Seoul. Mehr als eine Woche nach dem Fährunglück in Südkorea haben Taucher im Wrack des gesunkenen Schiffs die Leiche des Schülers gefunden, der noch vor der Besatzung einen Notruf abgesetzt hatte. Der Junge mit dem Nachnamen Choi sei von seinen Eltern identifiziert worden, berichtete die Nachrichtenagentur Yonhap am Donnerstag. Er hatte drei Minuten vor der Besatzung völlig verängstigt den Notruf angerufen und berichtet, dass die Fähre sinke. Sein Anruf heizte den Ärger über die späte Reaktion von Kapitän und Besatzung weiter an.
Die „Sewol“ war vor einer Woche auf dem Weg zur Insel Jeju mit 476 Menschen an Bord gekentert und später gesunken. 174 Insassen wurden gerettet, darunter der 69-jährige Kapitän und zwei Drittel seiner Besatzung. Die Zahl der bestätigten Todesopfer stieg am Donnerstag auf 169, 133 galten noch als vermisst. Ihre Bergung in dem trüben Wasser ist äußerst mühsam.
An Bord der Unglücksfähre befanden sich 352 Schüler einer Mittelschule der Stadt Ansan sowie rund ein Dutzend ihrer Lehrer, die zu einem Schulausflug auf die Urlaubsinsel Jeju wollten. Nur 75 der Jugendlichen überlebten das Unglück.
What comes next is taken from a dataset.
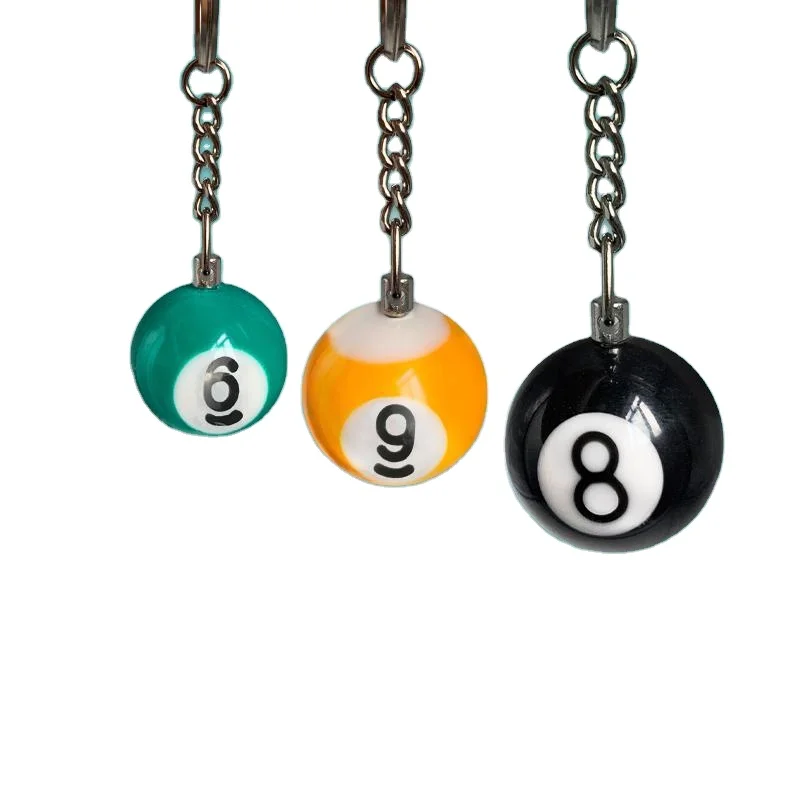 high quality Phenolic resin Billiard balls keychain 25mm Pool Ball in NO8/NO9/whiteball keyrings Billiard accessories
Nach Angaben von Gerichtsmedizinern wollen einige Eltern der getöteten Schüler eine Autopsie verlangen, um die genaue Todesursache festzustellen. Sie glauben, dass ihre Kinder möglicherweise zunächst in Lufteinschlüssen überlebt haben und noch am Leben sein könnten, hätten die Bergungsarbeiten nicht so lange gedauert. Bis die Taucher zu den ersten Leichen vordrangen, vergingen vier Tage.
Die Umstände des Unglücks sind noch nicht aufgeklärt. Sieben Crew-Mitglieder wurden verhaftet, darunter Kapitän Lee Joon Seok. Sie sollen die Evakuierung verzögert und die Passagiere im Stich gelassen haben, weil sie frühzeitig das Schiff verließen. Vier weitere Besatzungsmitglieder sind in Polizeigewahrsam, aber bisher noch nicht angeklagt. Einer von ihnen, der leitende Maschinist der „Sewol“, sagte aus, er habe vor dem Unglück keine technischen Probleme festgestellt. Dagegen berichten Südkoreas Medien, die Besatzung der Fähre habe zwei Wochen vor dem Unglück von einem technischen Problem mit dem Ruder berichtet. Der Defekt sei aber offenbar nicht behoben worden. Ermittler vermuten als eine mögliche Unglücksursache eine abrupte Kursänderung, wodurch die Ladung verrutscht und das Schiff in Schieflage geraten sei.